===== Data extracts =====
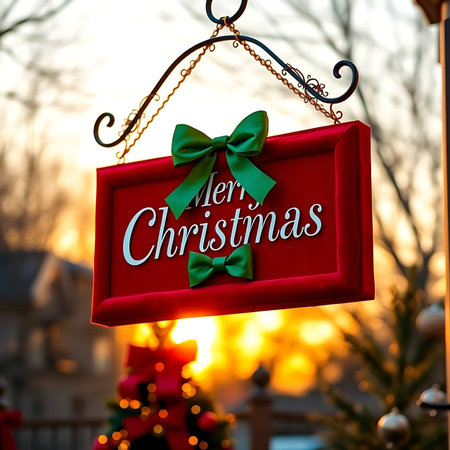 Merry Christmas and Happy New Year Greeting Card. Red Signboard With Lettering.の素材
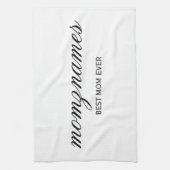 Gepersonaliseerde Beste Mam Ooit Kalligrafie Naam Theedoek (Verticaal)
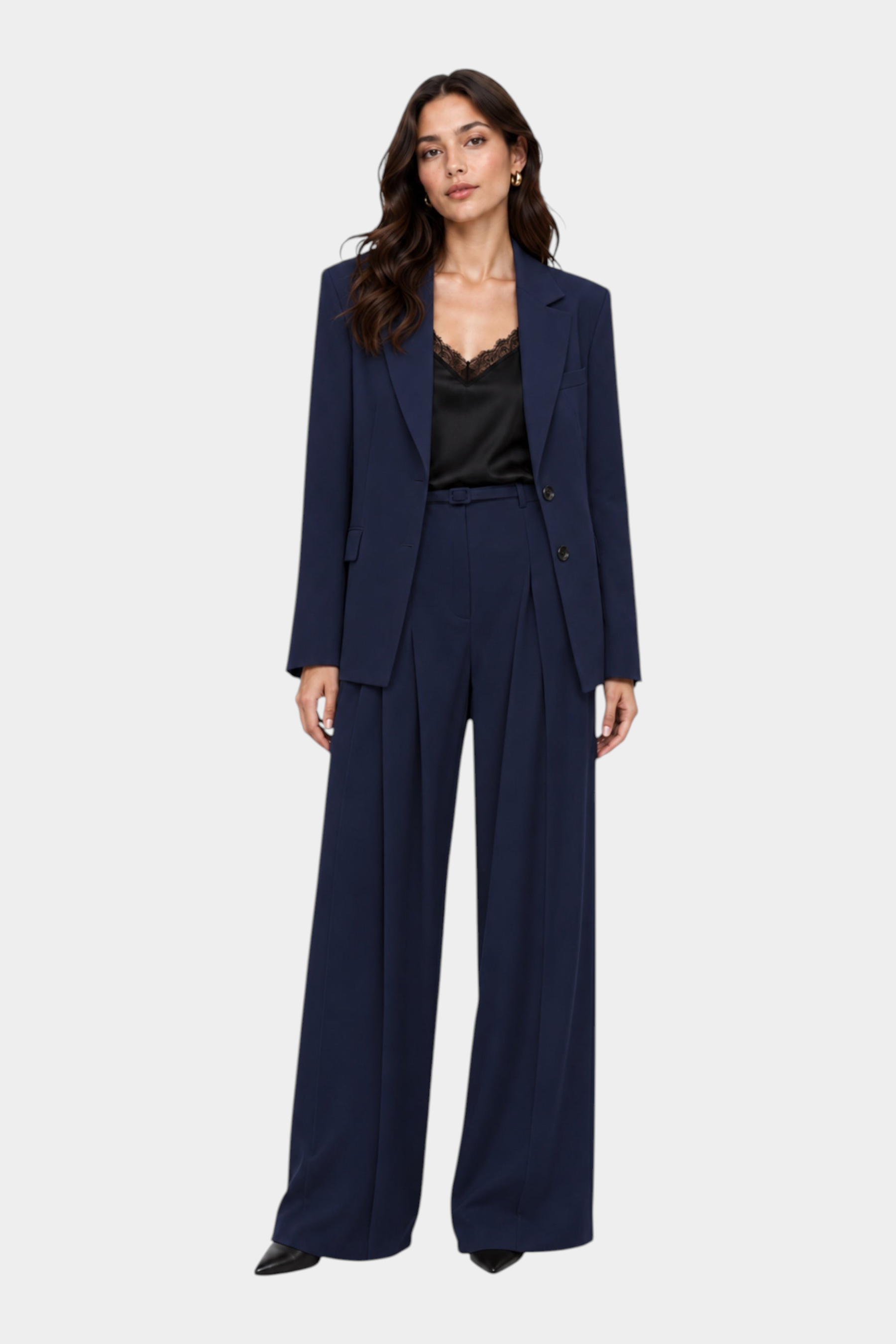 Pantaloni palazzo a vita alta con pinces e cintura donna blu imperial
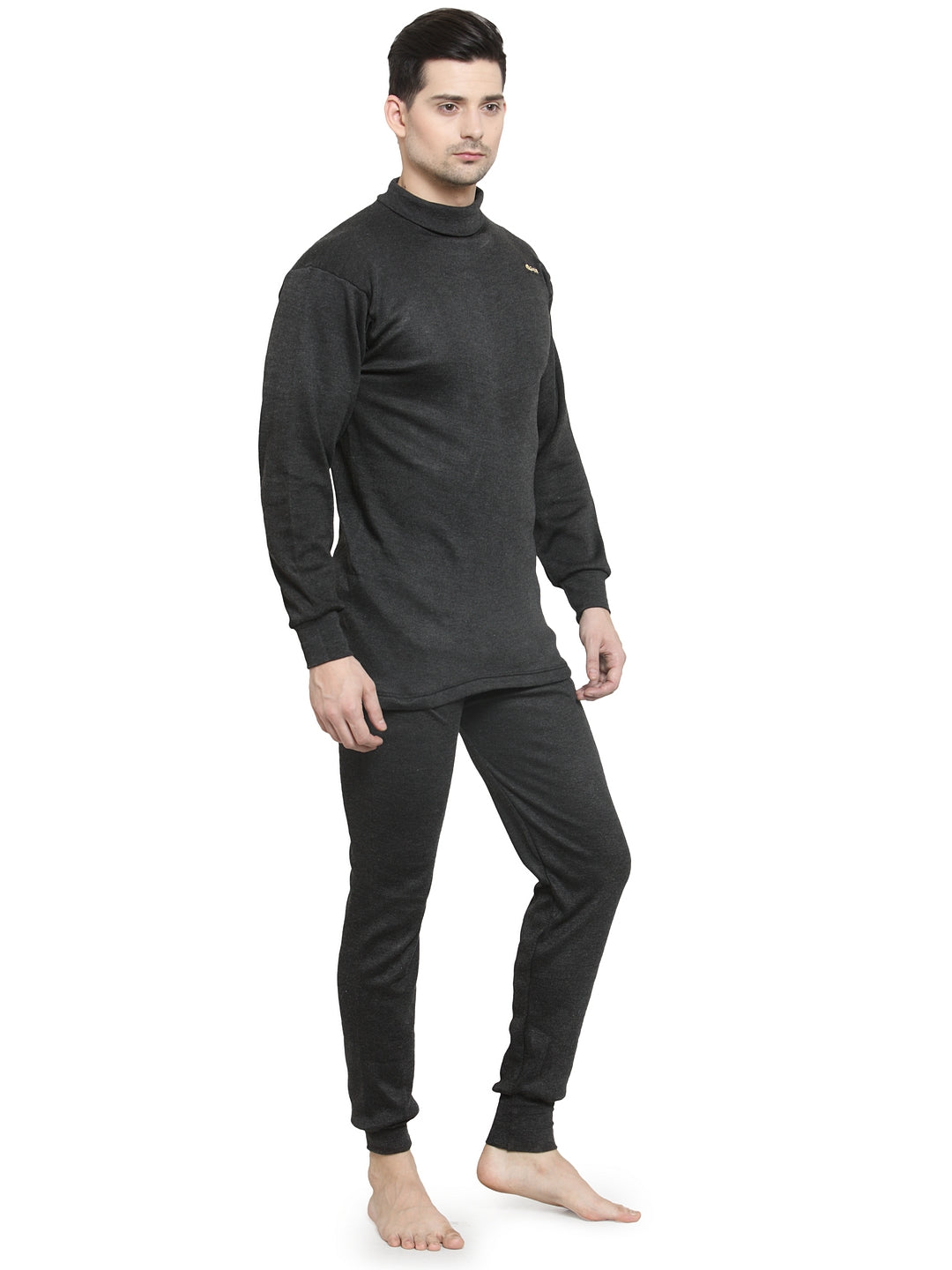 MEN'S SOLID HIGH NECK THERMAL WEAR TOP AND BOTTOM SET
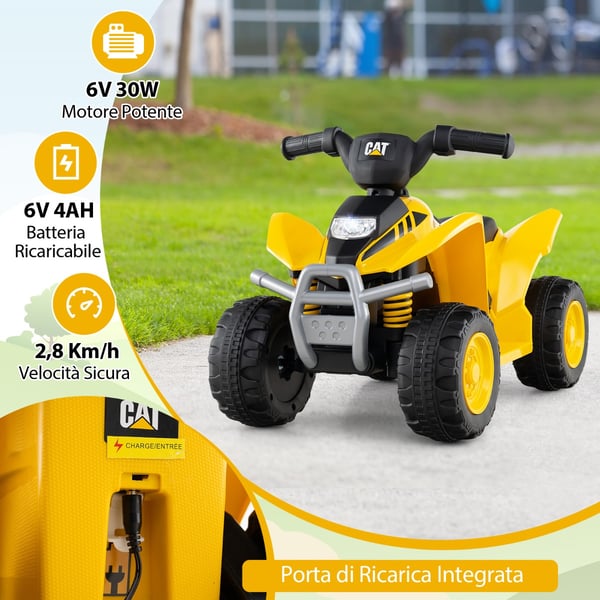 Elektrisk ATV, CAT-licenseret, 63x38x44 cm, Gul , Star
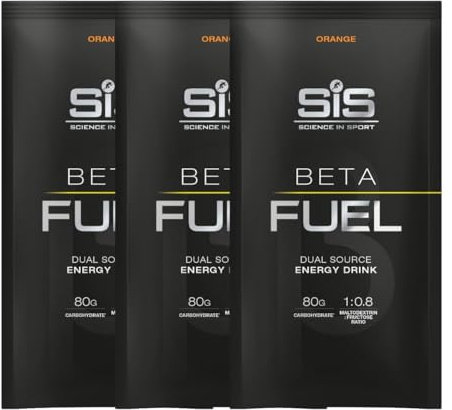 SIS Beta Fuel 80 Dual Source Energy Drink Powder - 80g Carbs Per Serving - Pack of 3 Sachets (Pack of 3 Sachets, Orange)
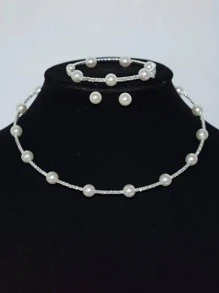 4入組法式單排珍珠與鑽石裝飾頸鍊,手鍊,耳環組合,適用於新娘婚禮服飾配件 - 彩色 - 查看 1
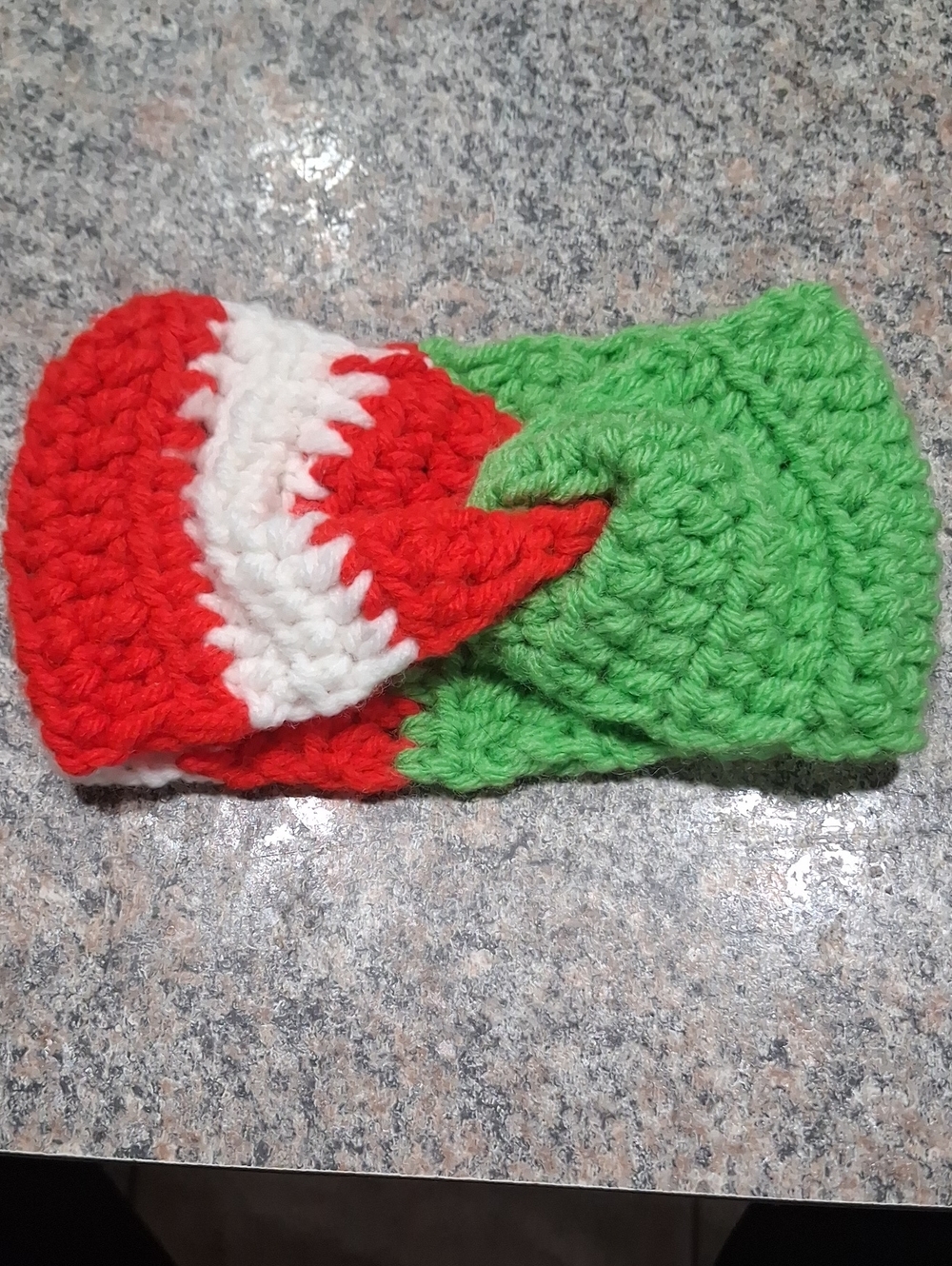 Handmade Crochet Headband in Green with Red & White Accent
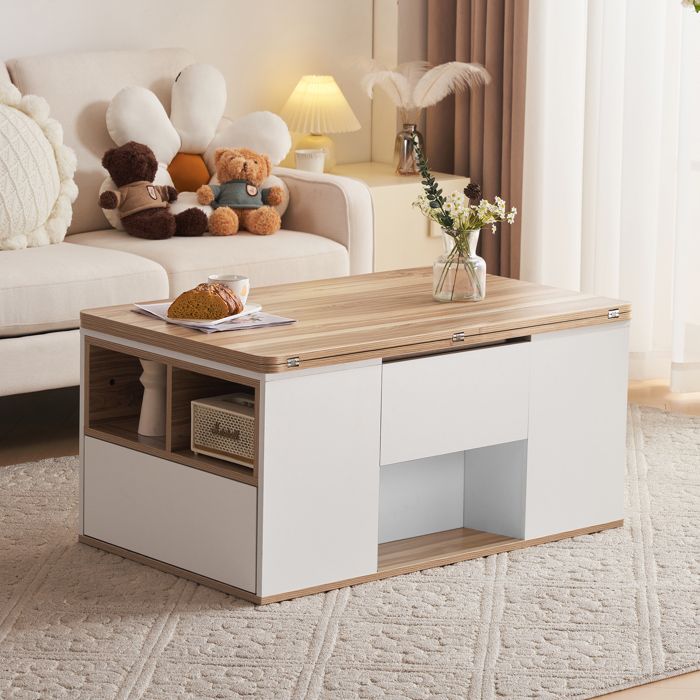 Table basse relevable multifonction - 2 plateaux extensibles blanc et bois - Grande capacité idéale pour salon moderne Table basse relevable multifonction - 2 plateaux extensibles blanc et bois - Grande capacité idéale pour salon moderne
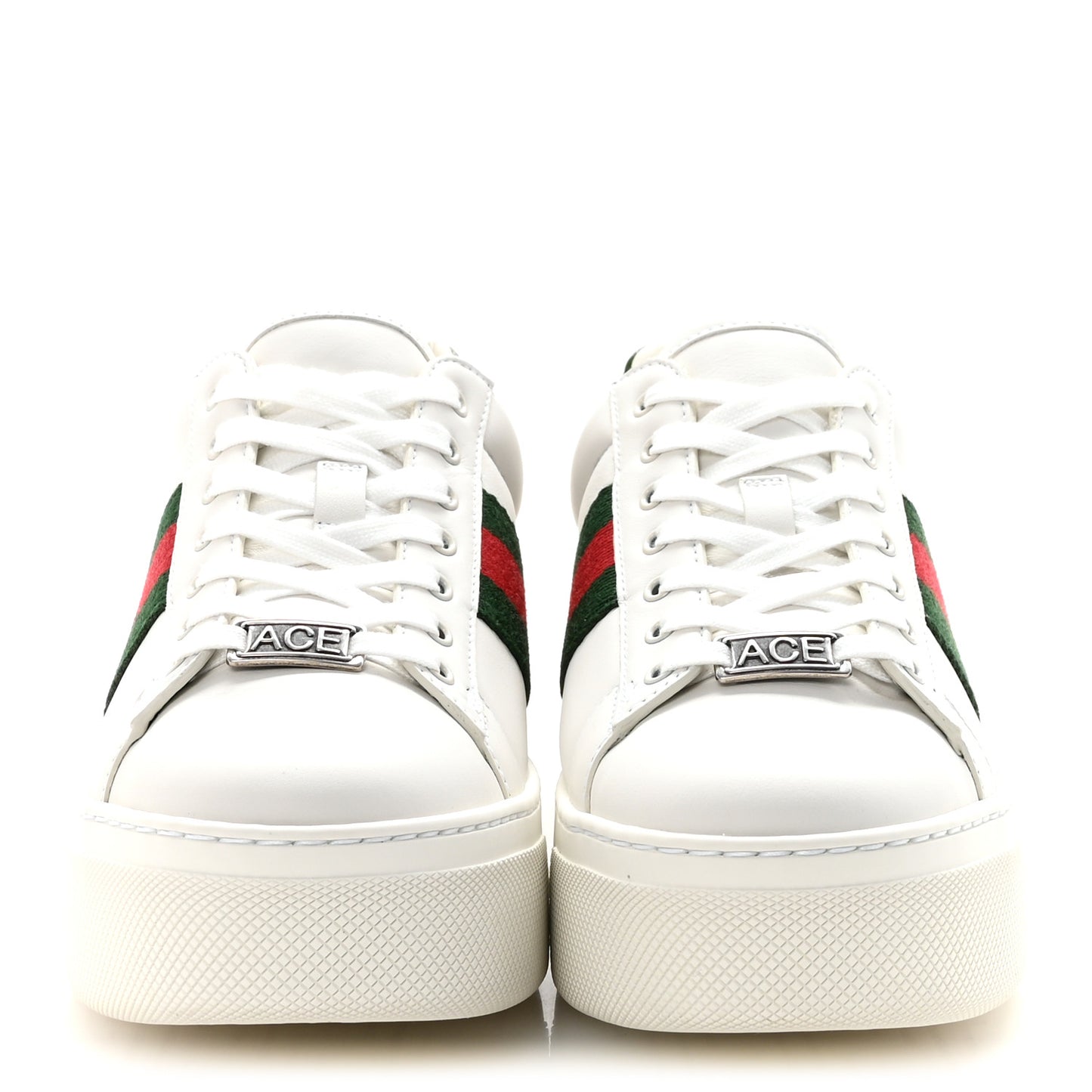 Ultralight Plume Calfskin Web Womens Ace Platform Sneakers 36 White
=====
§ **Exercise instructions**:
No pictures belong in the copy: reproduce exactly the lines above from the one that contains "MEN'S SOLID HIGH" through the last line of the entries.

§ **Answer box**:
 MEN'S SOLID HIGH NECK THERMAL WEAR TOP AND BOTTOM SET
 Elektrisk ATV, CAT-licenseret, 63x38x44 cm, Gul , Star
 SIS Beta Fuel 80 Dual Source Energy Drink Powder - 80g Carbs Per Serving - Pack of 3 Sachets (Pack of 3 Sachets, Orange)
 4入組法式單排珍珠與鑽石裝飾頸鍊,手鍊,耳環組合,適用於新娘婚禮服飾配件 - 彩色 - 查看 1
 Handmade Crochet Headband in Green with Red & White Accent
 Table basse relevable multifonction - 2 plateaux extensibles blanc et bois - Grande capacité idéale pour salon moderne Table basse relevable multifonction - 2 plateaux extensibles blanc et bois - Grande capacité idéale pour salon moderne
 Ultralight Plume Calfskin Web Womens Ace Platform Sneakers 36 White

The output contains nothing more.